We have great data now for a PARP maintenance with PARP inhibition in any woman with ovarian cancer, but it does seem that certainly having the biomarker matters. So, women that have either a germline or somatic BRCA mutation benefit the most from the use of a PARP inhibitor in the maintenance setting. If they don't have mutation, women that the finding of homologous recombination deficiency in their tumor will also benefit but maybe not as dramatically as those women with a BRCA mutation. And then even women that have no biomarker who are BRCA wild type and homologous recombination proficient can still benefit from a PARP inhibitor. However, it's not as profound of an effect.

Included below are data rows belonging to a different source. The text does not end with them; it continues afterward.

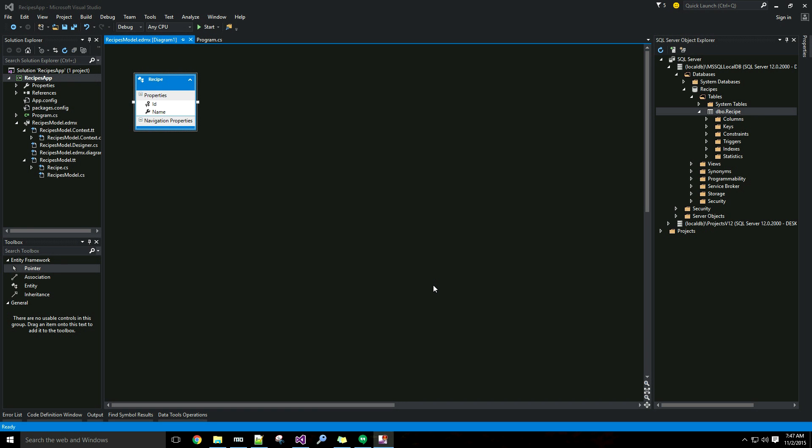Welcome to part two of my Entity Framework series on the database first approach. In this video I'm going to move on to foreign keys and relationships, or at least a pretty simple case of a foreign key. To get the full benefit from this video it would be helpful if you are familiar with foreign keys in the context of a relational database model — you'll want to fully understand what's going on in the back end in the database before you can appreciate what Entity Framework is doing for you.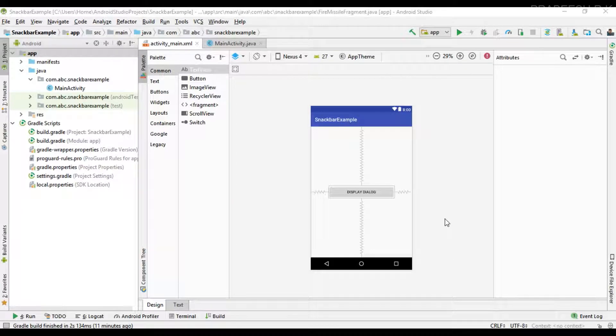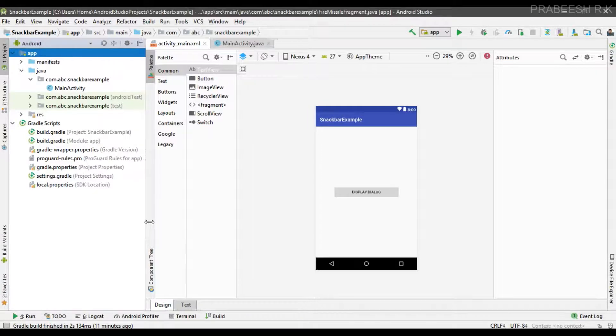Hello guys, once again welcome back to another Android app development tutorial. From this video onwards, we are going to learn about how to place dialogs in your Android app. The recommended way of displaying a dialog is by using a DialogFragment, which will effectively handle dialog lifecycle events such as when the user presses the back button or the device orientation changes.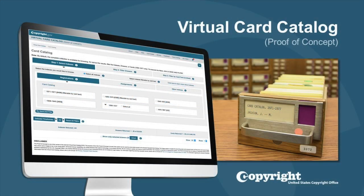Welcome to the U.S. Copyright Office Virtual Card Catalog Proof of Concept. The VCC covers all the card catalog images from 1870 to 1977. That's over 41.5 million card images.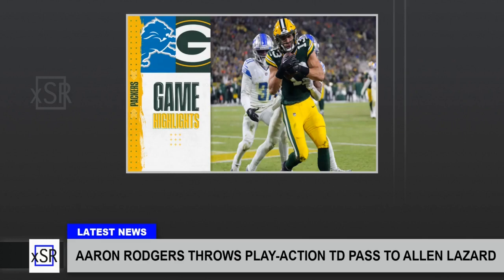X-Sports Report. Aaron Rodgers throws play-action TD pass to Alan Lazard.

These data are based on a number of upfront studies, including the SOLO1 study that explored olaparib as a single agent, in women with BRCA-mutant ovarian cancer. The premise study which looked at niraparib single-agent in an all comers population, so that's where our data for patients with homologous recombination proficient tumors come from. And that indication allows for us to treat any patient with niraparib. And then also the PAOLO-1 study, which combined not just olaparib but bevacizumab with the PARP inhibitor so that to see if that would provide additional benefit. Now, that study did not have an olaparib-only arm, so we don't know, for patients with BRCA mutations, if they would do better with the 2-drug combination as opposed to 1. What most of us do is if we've decided to utilize bevacizumab upfront, we will continue it and add the PARP inhibitor. But if we have not used bevacizumab, we won't add it in the maintenance setting.

Do you have any additional thoughts about this case?

I think it's a great case and I would anticipate this patient would do very well. I think her early onset into a physician's clinic and getting right into a GYN oncologist’s hands was critical going under undergoing the right surgery and then getting the right chemotherapy and maintenance options. The other point would be when you identify a BRCA mutation in a patient like this, you want to perform something called cascade testing, which is where her family is notified and tested as well, so that hopefully we can prevent future cases of cancer in their family.